Task requirements
For this exercise, reproduce the entries below exactly, but only from the line containing "Cover for The" through the line containing "Lucky brand crochet style over semi sheer lining", both included.
Entries provided below:
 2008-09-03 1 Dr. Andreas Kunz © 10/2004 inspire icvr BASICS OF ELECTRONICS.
End of Entries provided.
Entries provided below:
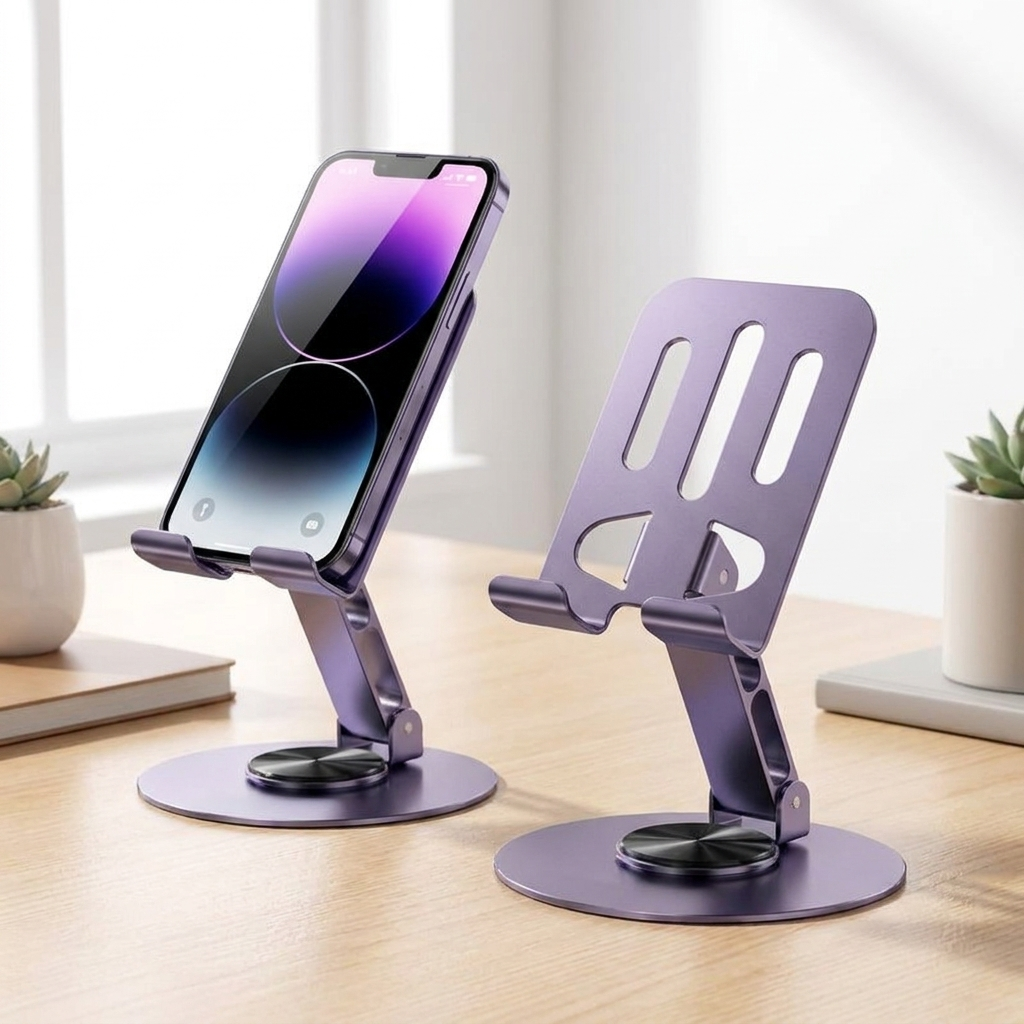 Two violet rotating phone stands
End of Entries provided.
Entries provided below:
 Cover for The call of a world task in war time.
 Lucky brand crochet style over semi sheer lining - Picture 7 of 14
End of Entries provided.
Task answer
 Cover for The call of a world task in war time.
 Lucky brand crochet style over semi sheer lining - Picture 7 of 14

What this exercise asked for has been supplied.